Give the listing again word for word. Skip the pictures.

■ **Recorded information**:
════
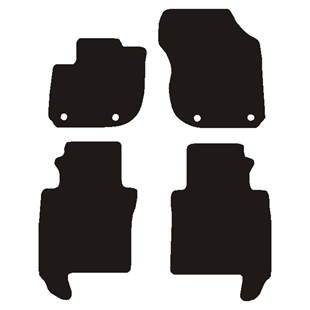 Velour Måtter Honda HR-V III 2021-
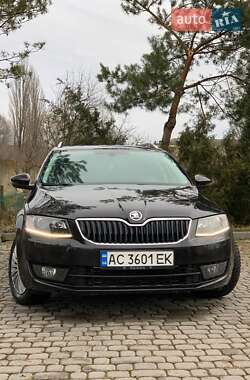 Skoda Octavia  2016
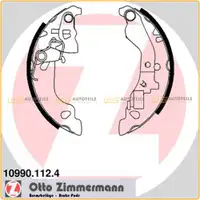 ZIMMERMANN Bremsbacken f&uuml;r Fiat Punto Schr&auml;gheck + VAN (188) 1.2/16V 1.9DS/JTD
════
■ **Result for this task**:
 Velour Måtter Honda HR-V III 2021-
 Skoda Octavia  2016
 ZIMMERMANN Bremsbacken f&uuml;r Fiat Punto Schr&auml;gheck + VAN (188) 1.2/16V 1.9DS/JTD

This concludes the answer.